第6章 ~恋と恋の、あいだ~(松川 一静)
その瞬間は、まもなくやって来た。
『…ぁぁっ、ぅ…』
大きく背中をのけぞらせて
ギュゥッ…とワレメを押し付けながら
動きを止める綾ちゃん。
『ぉっ、ぁぁっ…やべぇ、マジで…ぅぅ…』
ナカの収縮に搾り取られるように
先端から白いモノを吹き出す俺。
…今までの人生で
(いや、それほど経験ないけど)
一番、気持ちいいオーガズム。
しかも俺、愛されっぱなし。
こんな快感、許されんだろーか…
目の前で、
裸のおっぱいが大きく上下してる。
息を荒げた綾ちゃんを
抱き締めようとしたら、
綾ちゃんは、ヨロッと身をかわした。
ポロン、と抜ける
小さくなったペニス。
綾ちゃんは、
脱ぎ捨てたブラウスをさっと羽織ると
黙って俺に
ティッシュとゴミ箱を俺に差し出した。
…心なしか、冷たい態度。
後処理したティッシュを捨てながら
綾ちゃんの方を見ると、
もう、ちゃんと着替えて
俺の着替えまで集めてくれてる。
あんなに熱い交わりの後だ。
もっと抱き締めあったりして
余韻を楽しんだりしたくないか?
なんなら、ゴムもあと1個あるし、
もう一回くらいシたっていいのに。
『…綾ちゃん、あのさ、』
『いっちゃんは今、』
軽く畳んだ俺の下着を
こちらにむかって差し出しながら。
『見境のない、
男に飢えただらしないおばさんに
無理矢理、犯されちゃったんだからね。』
は?
『なに、言ってんの?』
『だからいっちゃんは、全然、悪くない。
浮気じゃないから
彼女に申し訳なく思うこともないし、
静を裏切ったのは私だから、
いっちゃんはいつも通りにしてなさい。』
『なんだ、それ。
なかったことにしろ、ってこと?』
『そう。今夜のことは、忘れて。

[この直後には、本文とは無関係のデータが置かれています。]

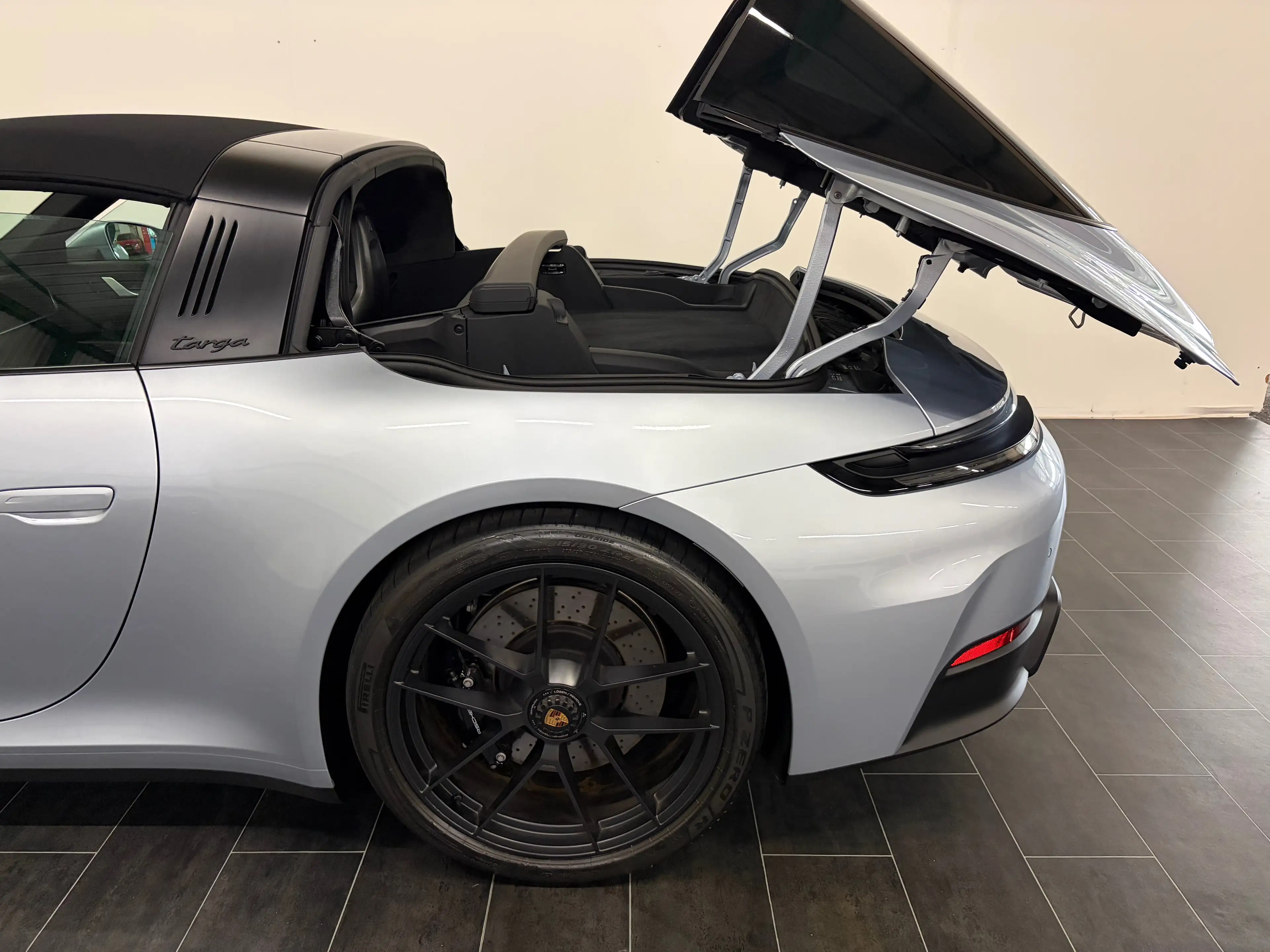 Porsche 911 911 Carrera 4 Targa GTS 1,9kWh GTS **PTS-1.Hand** — photo 10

』
…前と一緒だ。
うちでキスしてしまった時。
あのときも綾ちゃんは自分のせいにして、
そして、
翌日、いなくなったんだ。
…思い出す。
あれからずっと感じてた
どうしようもない喪失感。
今日、探して探して探して、
やっと再会できて嬉しくて、
泣いたり笑ったりして、
…やっと触れられたのに。
忘れろ、なんて。
なかったことにしろ、なんて。
そんな、
『そんな勝手なこと、言うなよ。